• _Instructions for the task_
Transcribe the data as written, minus images.

* * * * * * *

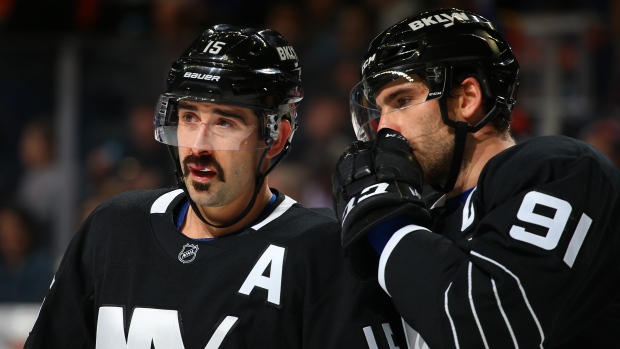 Clutterbuck and Tavares, Mike Stobe/National Hockey League/Getty Images Clutterbuck and Tavares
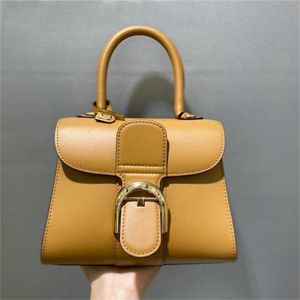 Novo delvo brilhante colorblock portátil ferradura fivela envoltório cabeça camada bolsa feminina venda 60% de desconto na loja online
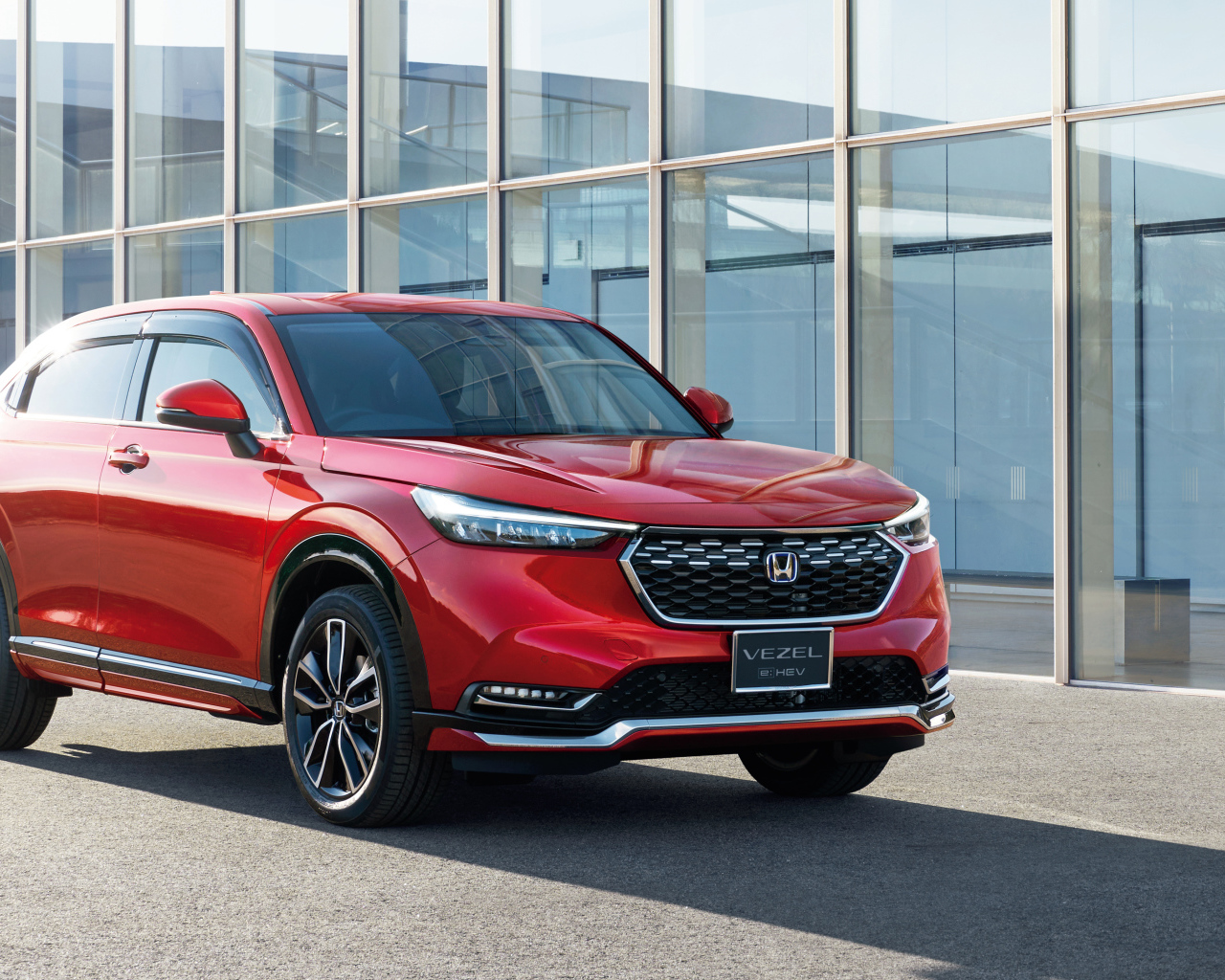Красный автомобиль Honda Vezel EHEV 2021 у здания
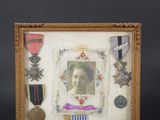 an old picture of a woman with medals and medals in a frame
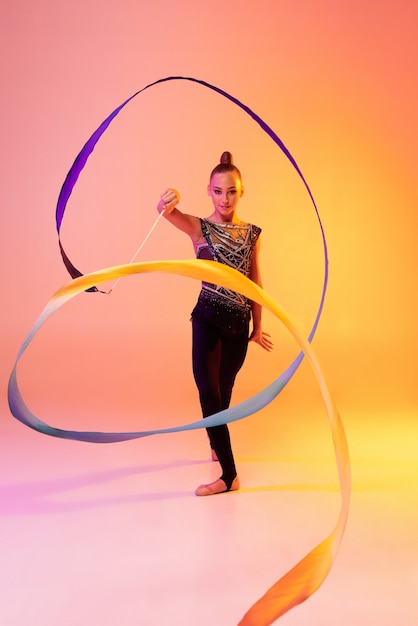 Portrait of little girl, rhythmic gymnastics artist training isolated on colored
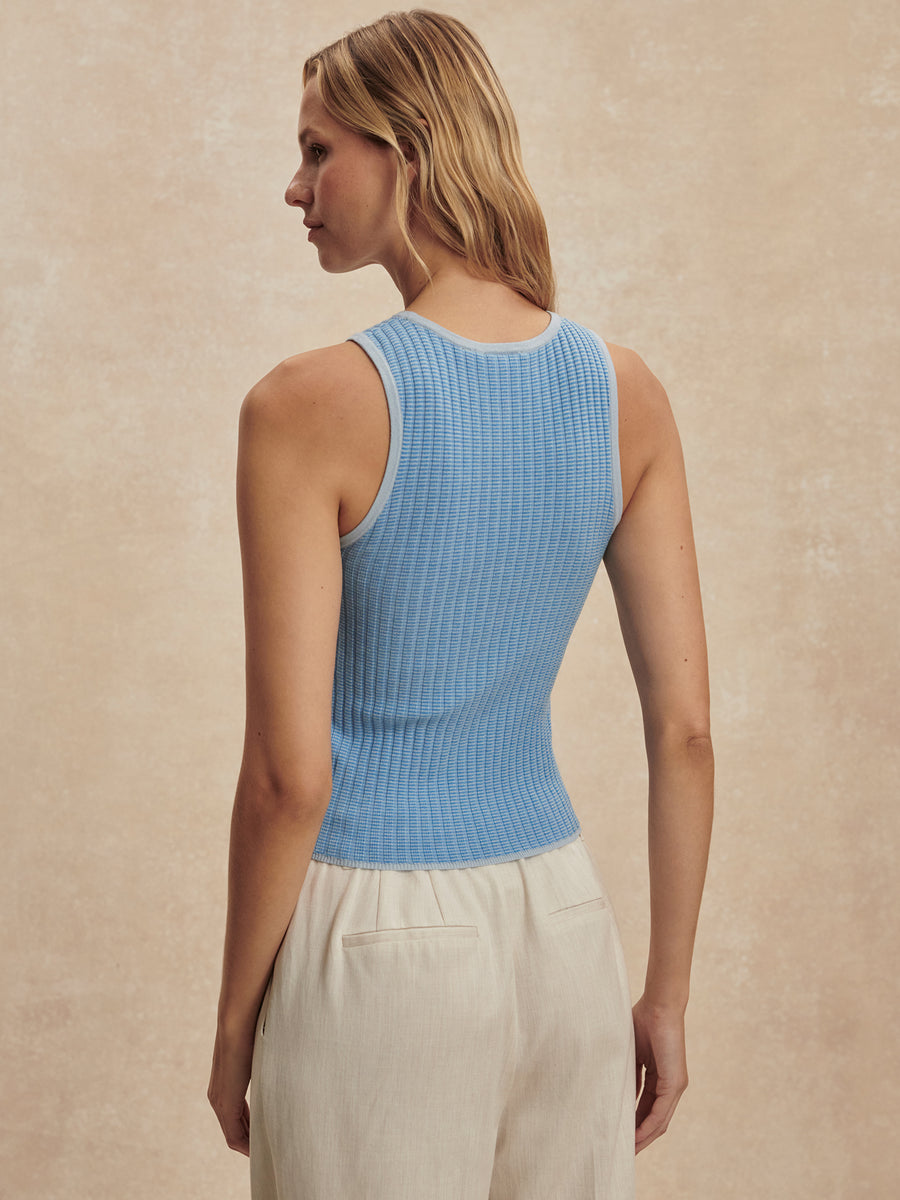 Woman wearing a blue ribbed tank top and beige pants against a beige background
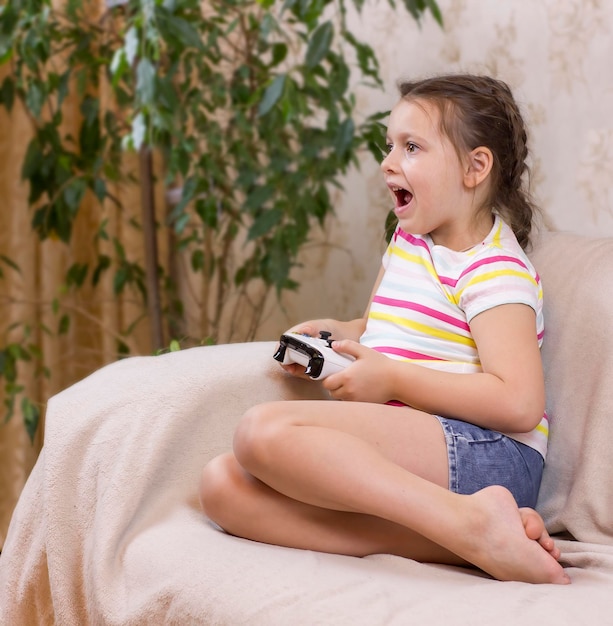 Leuk kindmeisje dat een joystick vasthoudt en thuis een videogame speelt op een bank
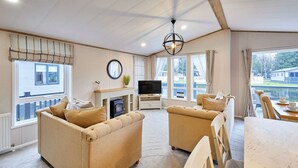 Ein gemütliches Wohnzimmer mit beigen Sofas, einem Fernseher und einem Kamin.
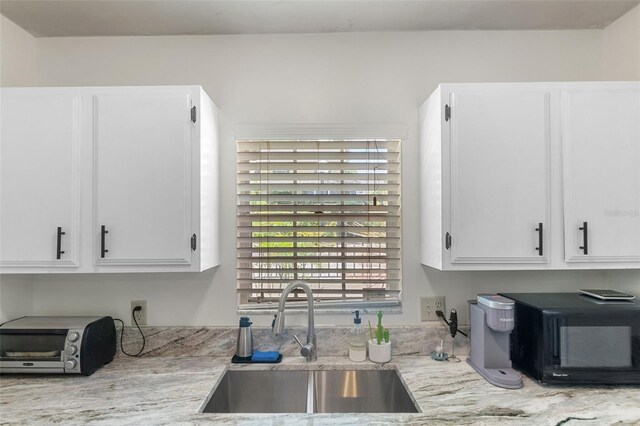 kitchen featuring white cabinetry, black microwave, a sink, and a toaster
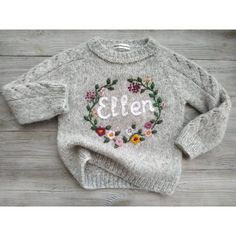 a gray sweater with flowers and the word ellen written in white on it's chest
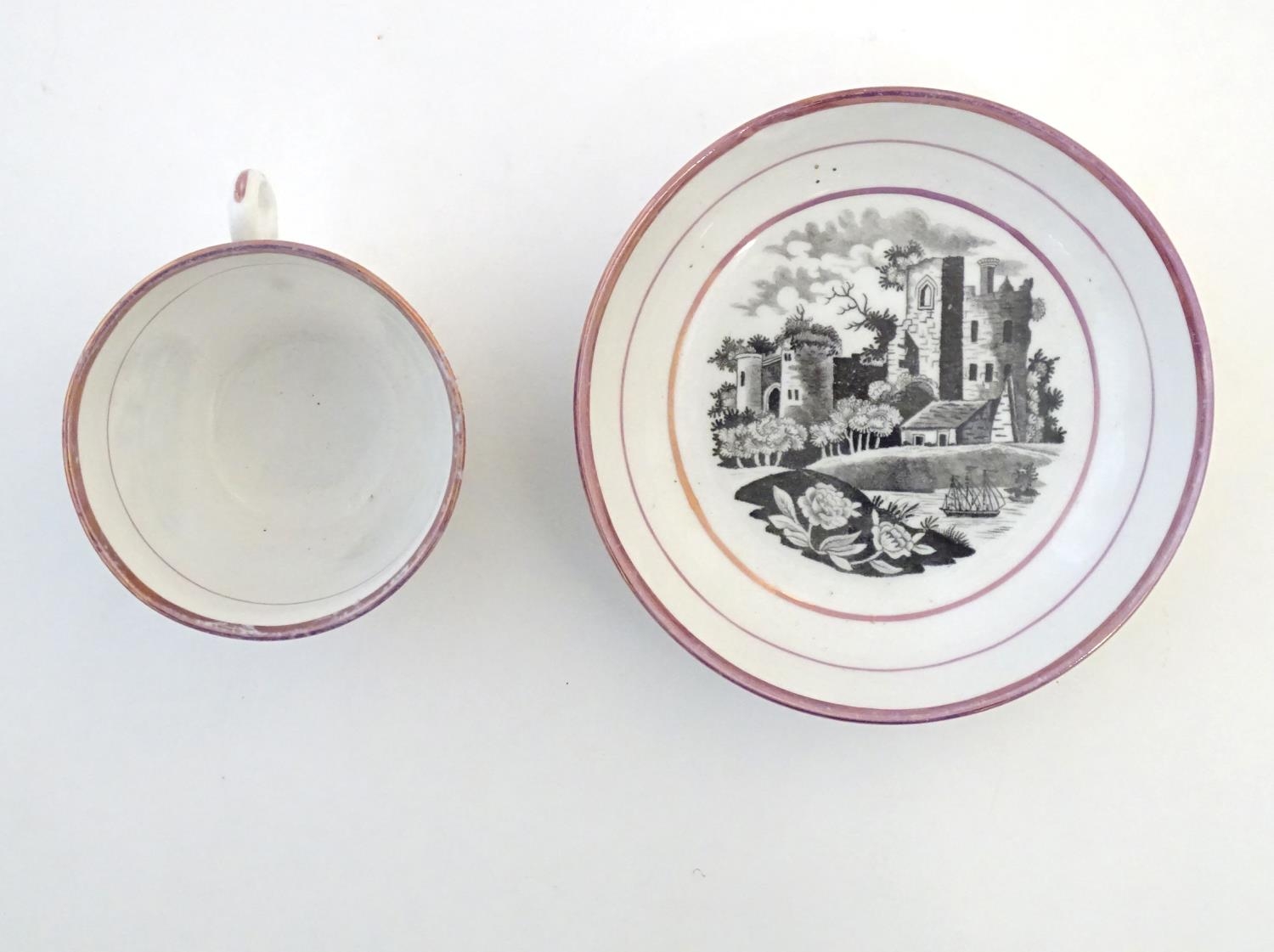 A tea cup and saucer with monochrome transfer decoration depicting a river landscape with a ship and - Image 4 of 6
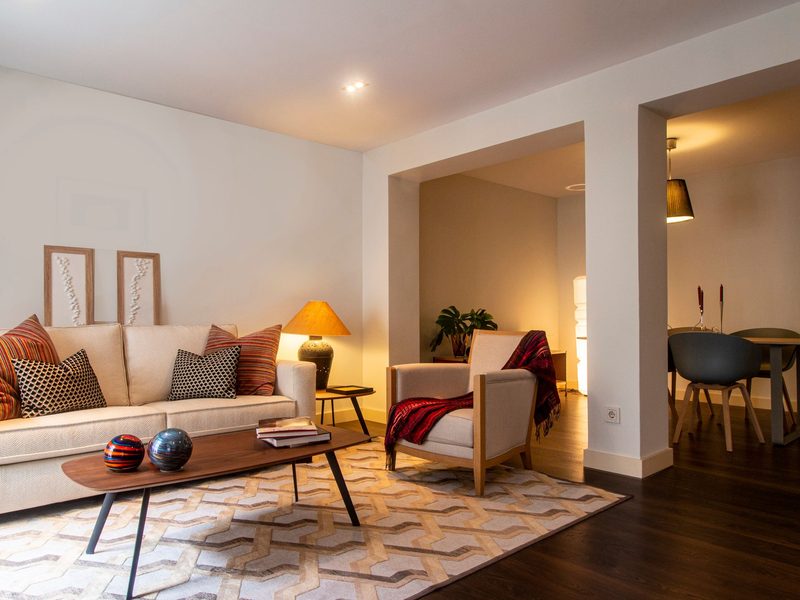 A cosy living room with soft seating and warm lamp light
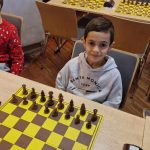 Chłopiec siedzi za stołem na którym są ułożone szachy.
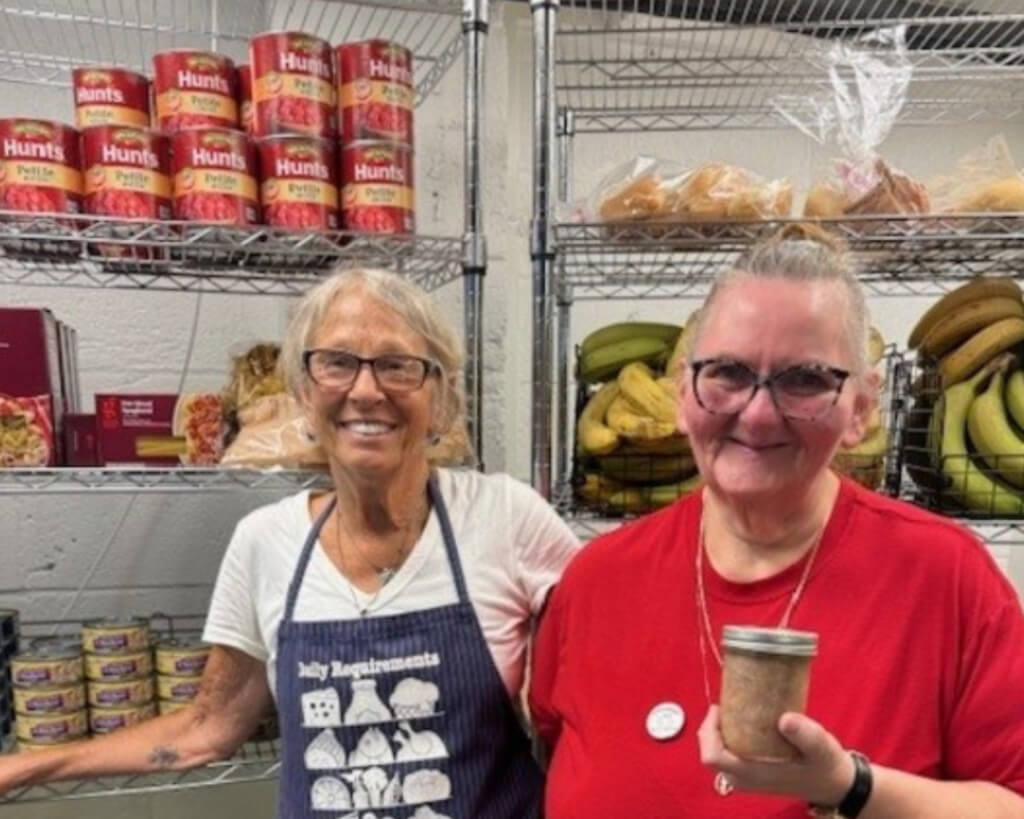 Two woman smiling in front of shelves of food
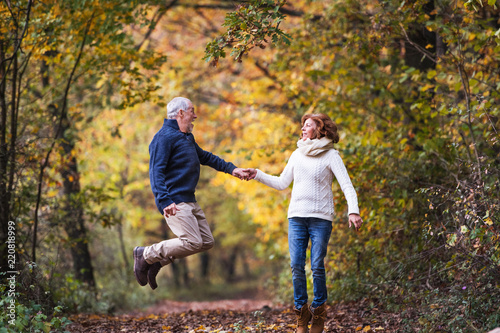 Senior couple in an autumn nature, holding hands and jumping.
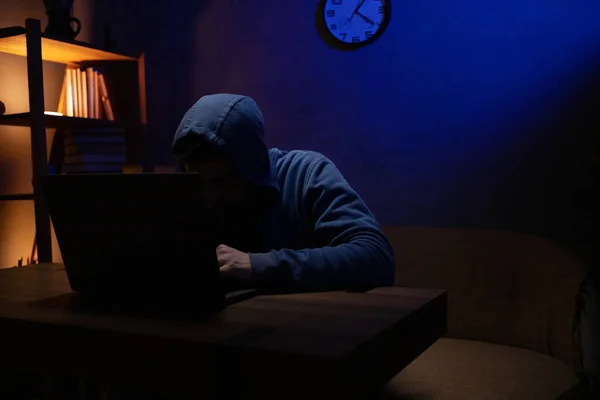 Hacker man working laptop computer. Hacker attack in dark room background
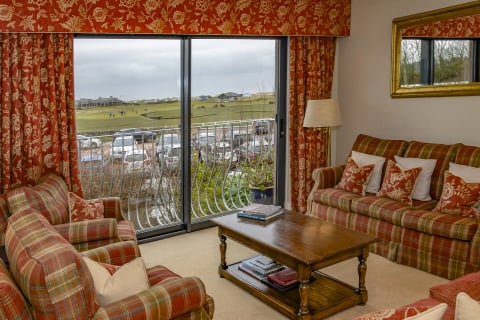 Sitting room with balcony doors onto the course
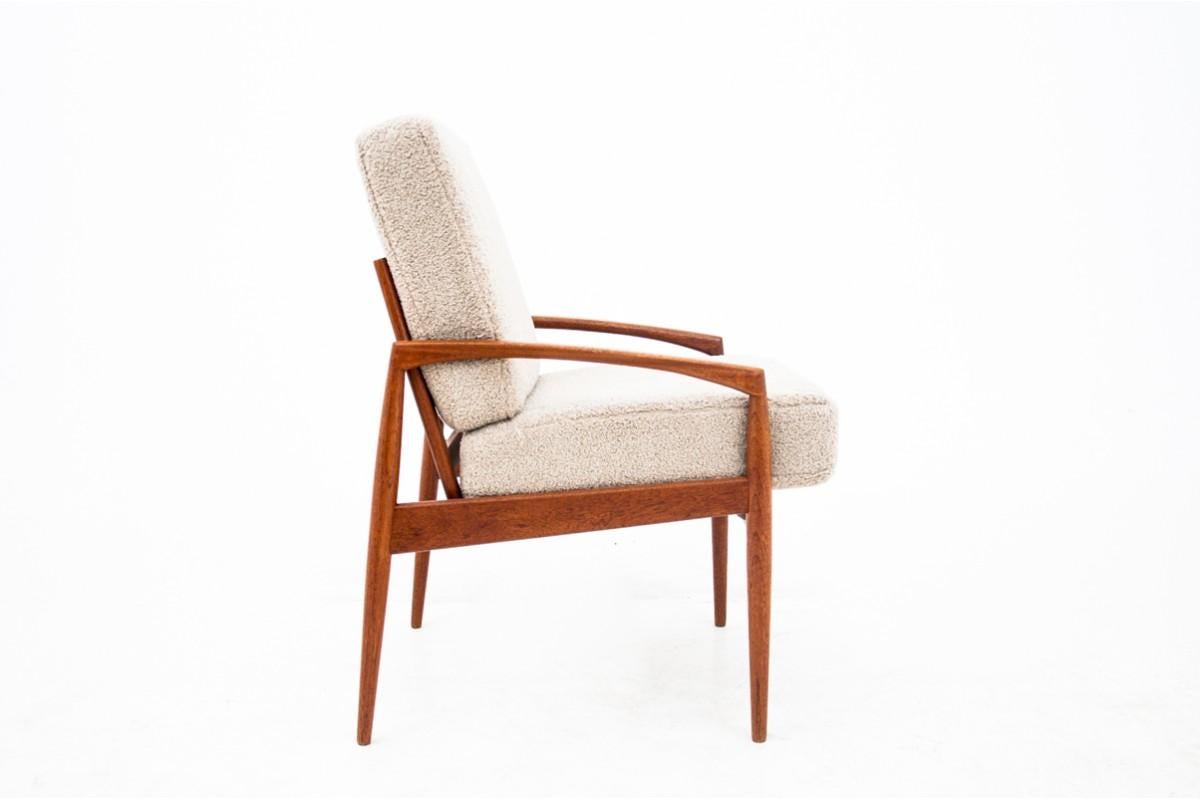 Paper Knife armchair by Kai Kristiansen, produced in Denmark in around 1950s. Teak frame preserved in very good condition, with original stamp at the back. Custom made boucle cushions in beige color.

Dimensions: height: 98 cm, seat height: 54 cm,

* * * * * * *

• _Finished exercise_
 Clutterbuck and Tavares, Mike Stobe/National Hockey League/Getty Images Clutterbuck and Tavares
 Novo delvo brilhante colorblock portátil ferradura fivela envoltório cabeça camada bolsa feminina venda 60% de desconto na loja online
Красный автомобиль Honda Vezel EHEV 2021 у здания
 an old picture of a woman with medals and medals in a frame
 Portrait of little girl, rhythmic gymnastics artist training isolated on colored
 Woman wearing a blue ribbed tank top and beige pants against a beige background
 Leuk kindmeisje dat een joystick vasthoudt en thuis een videogame speelt op een bank
 Ein gemütliches Wohnzimmer mit beigen Sofas, einem Fernseher und einem Kamin.
 kitchen featuring white cabinetry, black microwave, a sink, and a toaster
 a gray sweater with flowers and the word ellen written in white on it's chest
 A tea cup and saucer with monochrome transfer decoration depicting a river landscape with a ship and - Image 4 of 6
 A cosy living room with soft seating and warm lamp light
 Chłopiec siedzi za stołem na którym są ułożone szachy.
 Two woman smiling in front of shelves of food
 Senior couple in an autumn nature, holding hands and jumping.
 Hacker man working laptop computer. Hacker attack in dark room background
 Sitting room with balcony doors onto the course
 Paper Knife armchair by Kai Kristiansen, produced in Denmark in around 1950s. Teak frame preserved in very good condition, with original stamp at the back. Custom made boucle cushions in beige color.

Dimensions: height: 98 cm, seat height: 54 cm,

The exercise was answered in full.